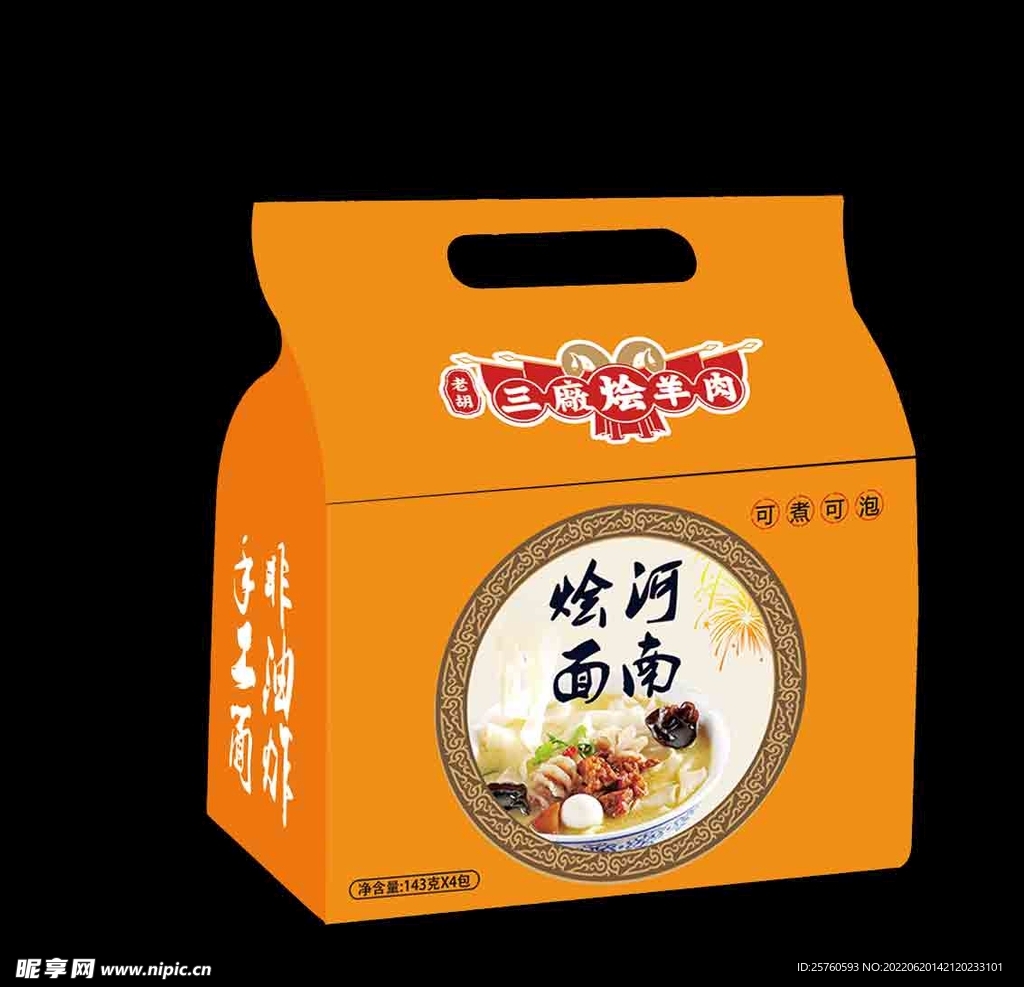 烩面袋 包装袋  食品袋 泡面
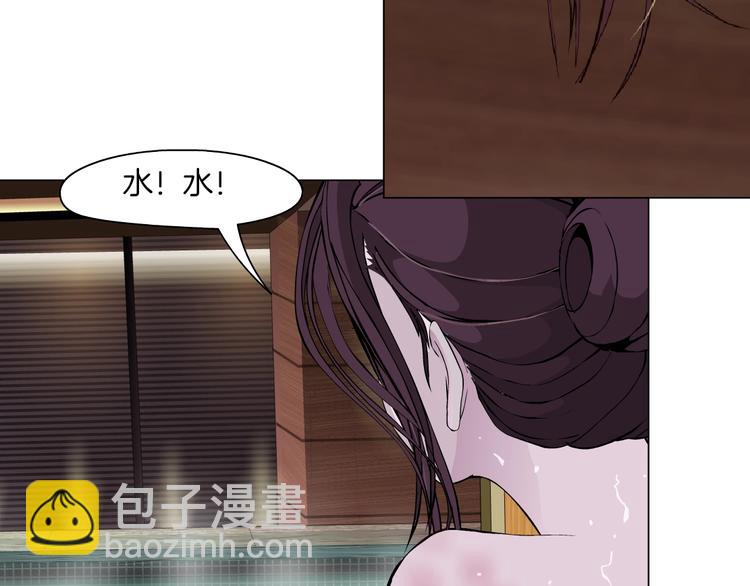 第79话 女的雕塑(1/2)-第80话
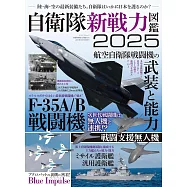 自衛隊新戰力圖鑑專集 2025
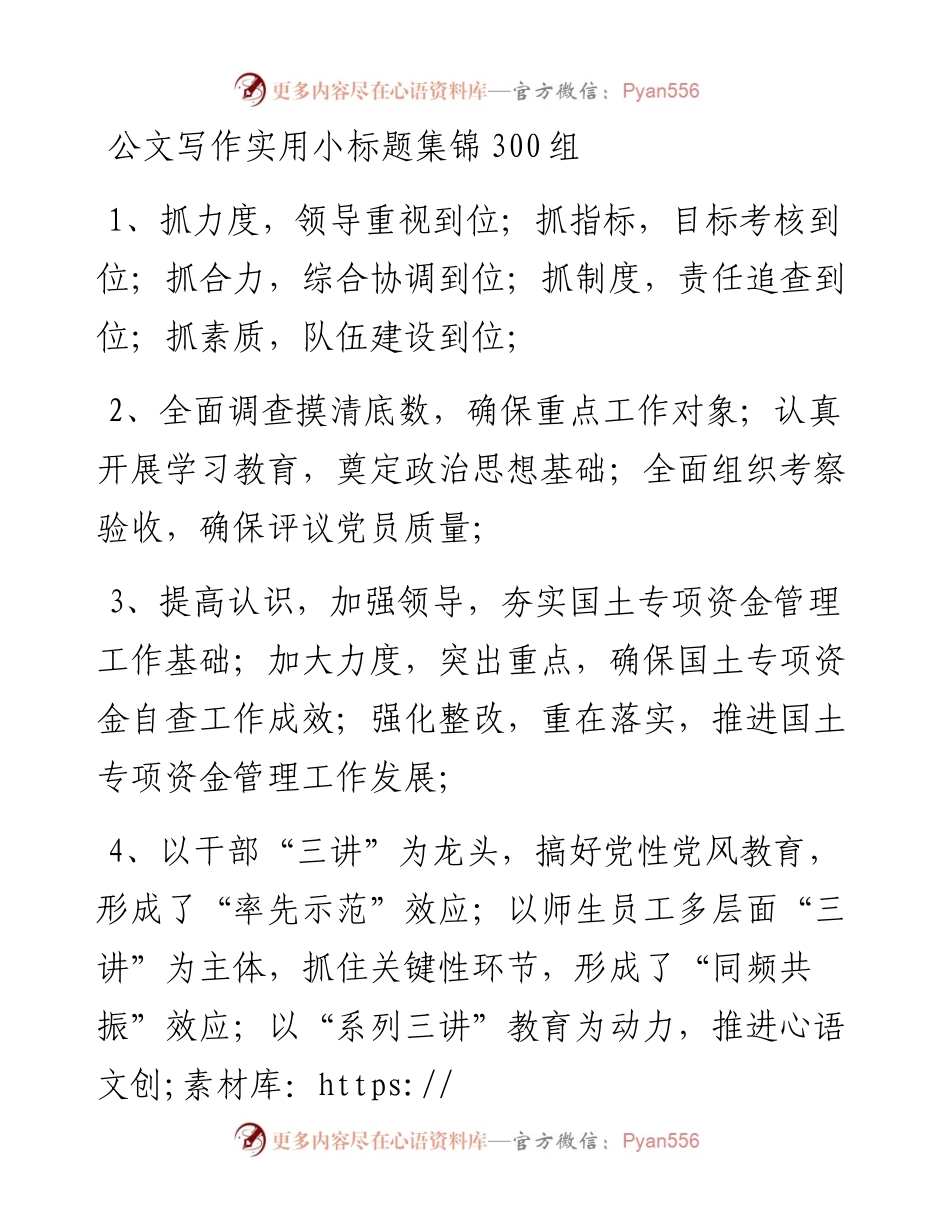 文汇系列4407--公文写作实用小标题集锦汇编.docx_第1页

----

- Assignment:
The required output is an exact copy of the lines from the one with "第79话 女的雕塑(1/2)-第80话" through the final line of the data above, with pictures removed.

- Answer to the exercise:
 第79话 女的雕塑(1/2)-第80话
 自衛隊新戰力圖鑑專集 2025
 文汇系列4407--公文写作实用小标题集锦汇编.docx_第1页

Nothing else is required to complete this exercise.